Write out an exact copy of the line containing "Hình ảnh khách" and all lines that follow it in the data below, leaving out pictures.

**** Source material ****

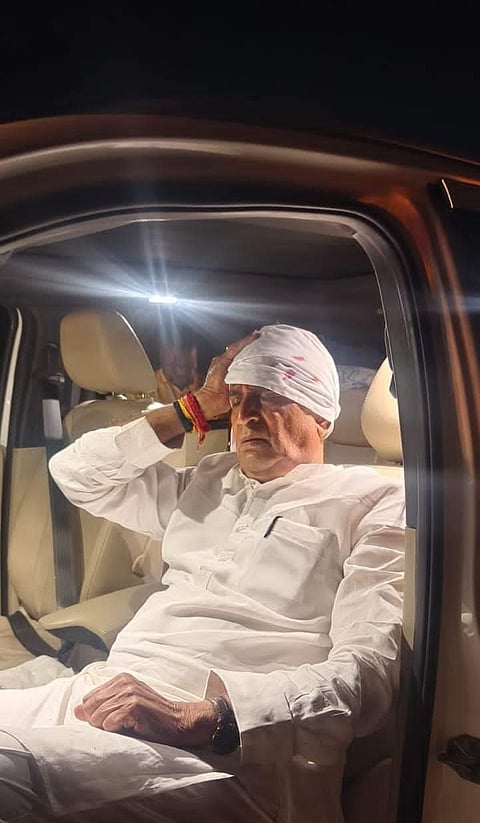 अनिल देशमुख यांच्या गाडीवर दगडफेक; गंभीर जखमी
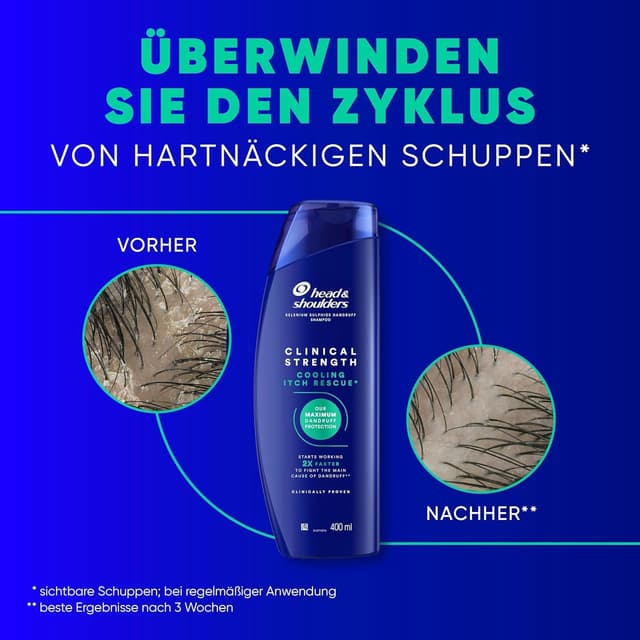 Detalle de Head & Shoulders Cooling Itch Rescue Anti-Schuppen Shampoo 400 ml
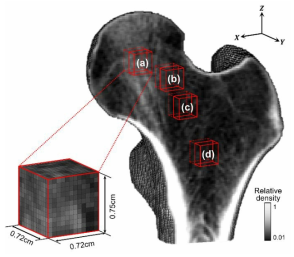 Four volumes of interest (VOIs) in the proximal femur: (a) femoral head, (b) femoral neck, (c) Ward’s triangle, and (d) intertrochanter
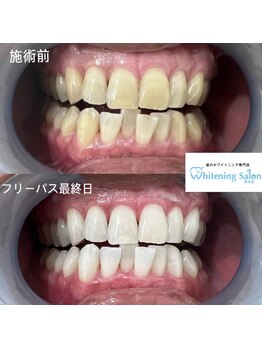 ホワイトニングサロン 熊本店/お手軽セルフホワイトニング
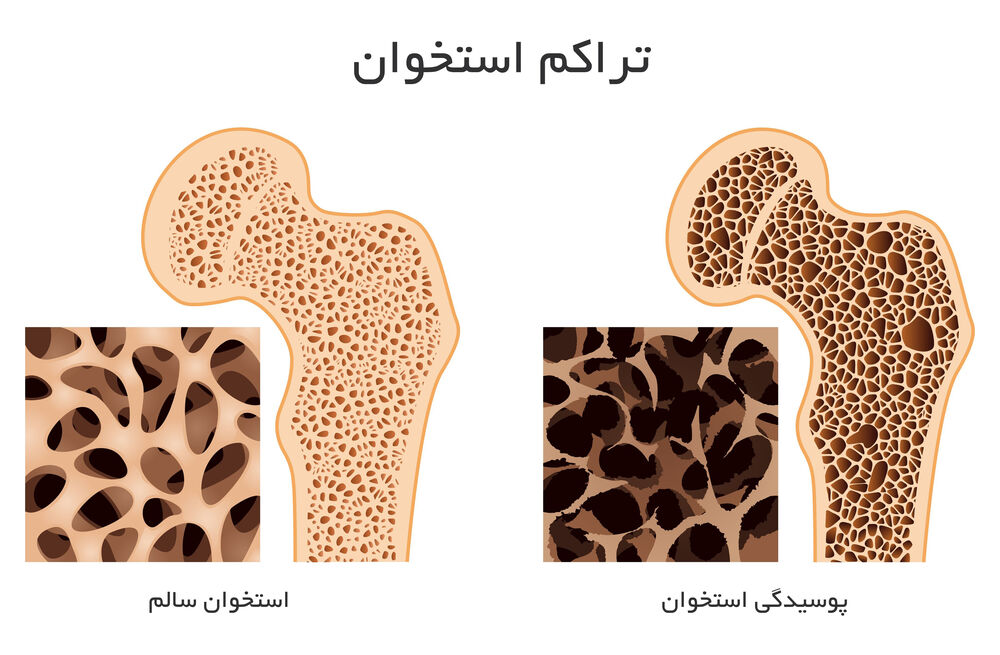 تراکم استخوان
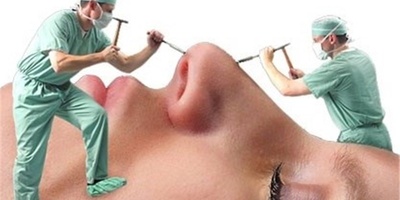 Girl Undergoes More Than 30 Cosmetic Surgeries for Her Fiancé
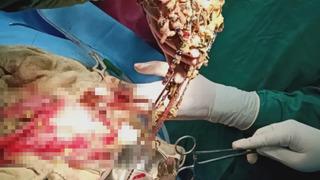Doktorları bile şaşkına çevirdi! Midesinden mücevher ve madeni para çıktı... Değeri dudak uçuklattı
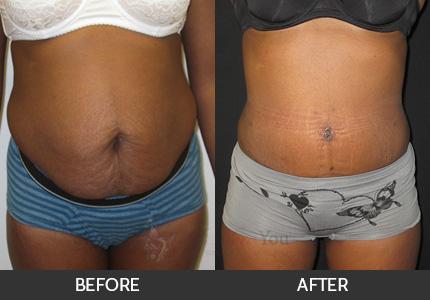 Tummy Tuck Gallery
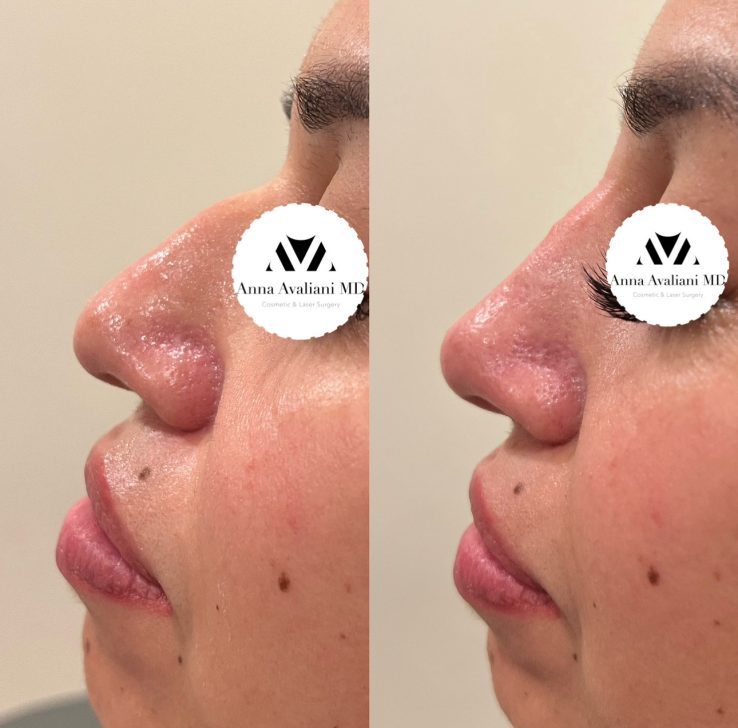 Reviving an Upturned Nose: The History and Techniques of Rhinoplasty -  Atlanta Liposuction Specialty Clinic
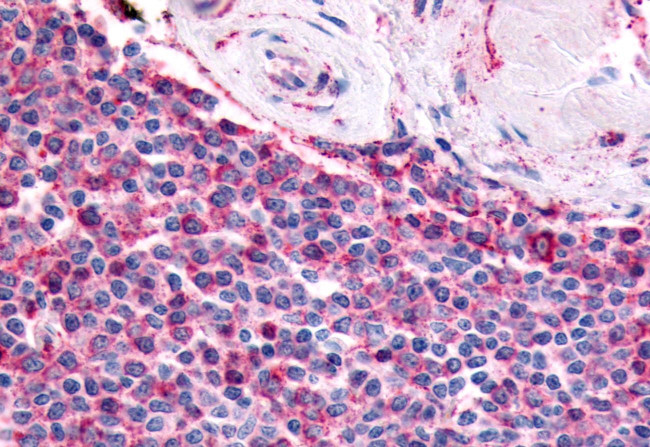 PTGES Antibody in Immunohistochemistry (Paraffin) (IHC (P))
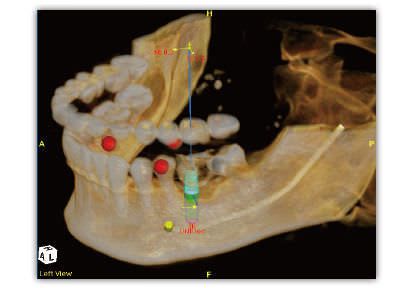 Planning software / for dental implant simulation / for implantology / dentist office ImplantMax Saturn Imaging Inc.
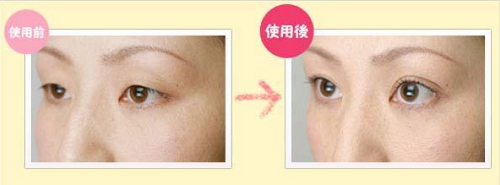 塗るだけ、簡単3ステップで憧れのぱっちり二重にローヤルアイムエクストラ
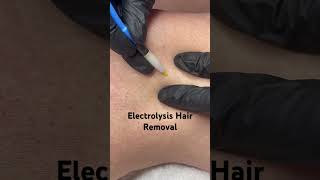 Electrolysis Hair Removal [upl. by Iseabal]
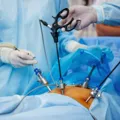 Cirurgia bariátrica tem novas regras; veja o que mudou imagem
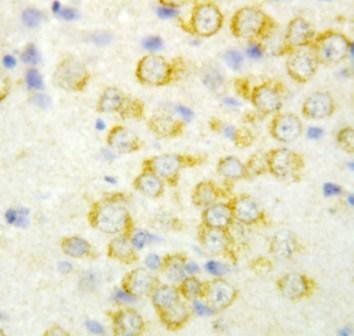 Fibroblast growth factor 9 FGF9 Rabbit Polyclonal Antibody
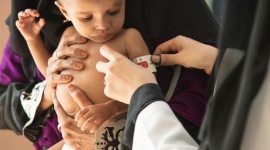 80% dzieci w Jemenie wymaga pomocy humanitarnej. Najmłodsi umierają z głodu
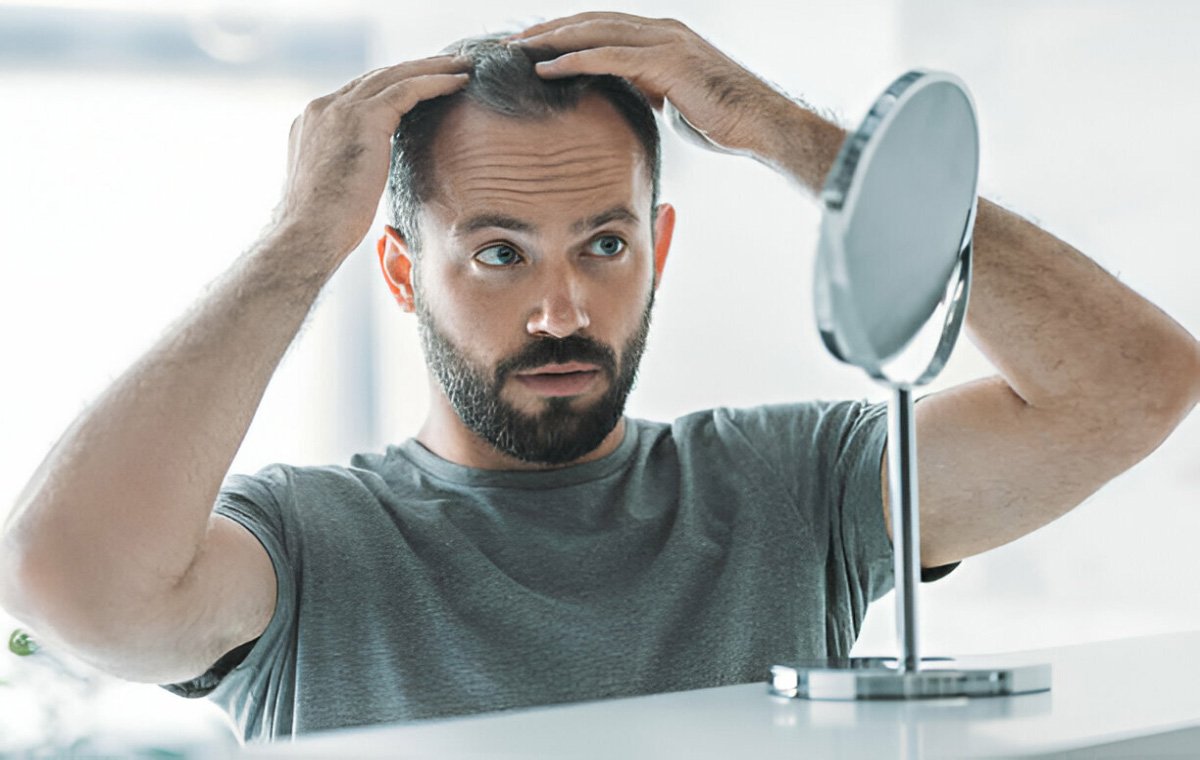 Hair Loss in Men: Causes, Prevention, and Effective Treatments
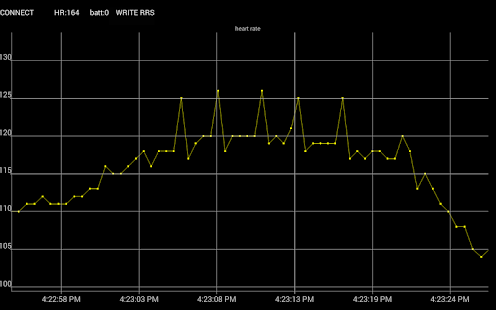 Free Arrhythmia monitor open source APK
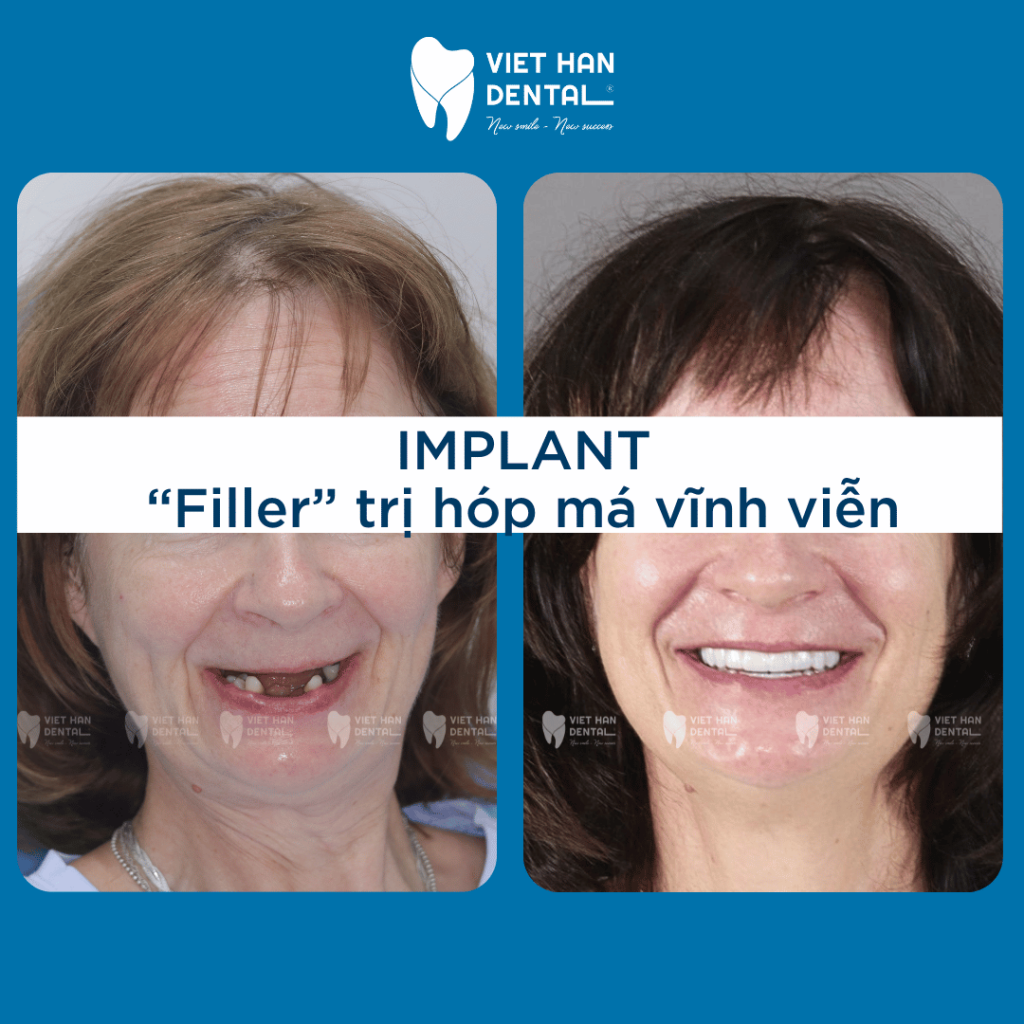 Hình ảnh khách hàng trước - sau khi trồng răng implant tại Nha khoa Việt Hàn Nha Trang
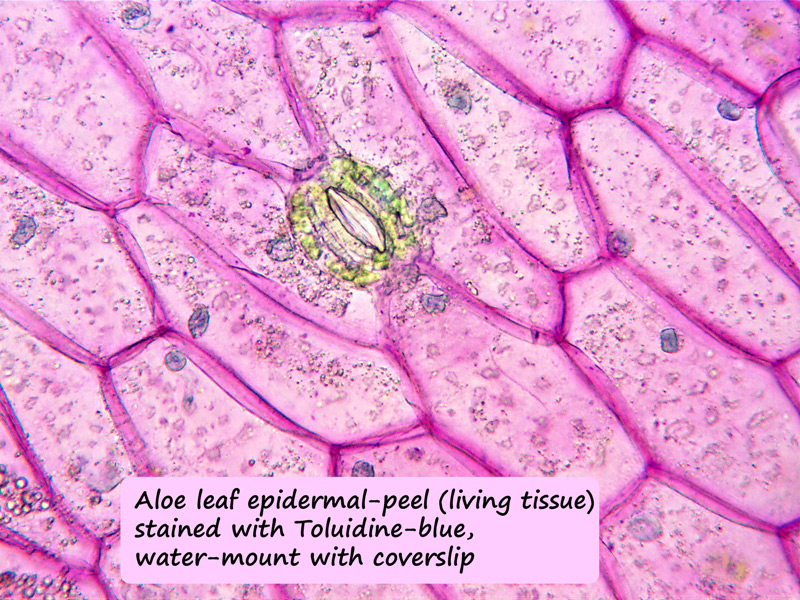 ws_aloe_epidermal_peel_1.jpg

****

#### Answer space
 Hình ảnh khách hàng trước - sau khi trồng răng implant tại Nha khoa Việt Hàn Nha Trang
 ws_aloe_epidermal_peel_1.jpg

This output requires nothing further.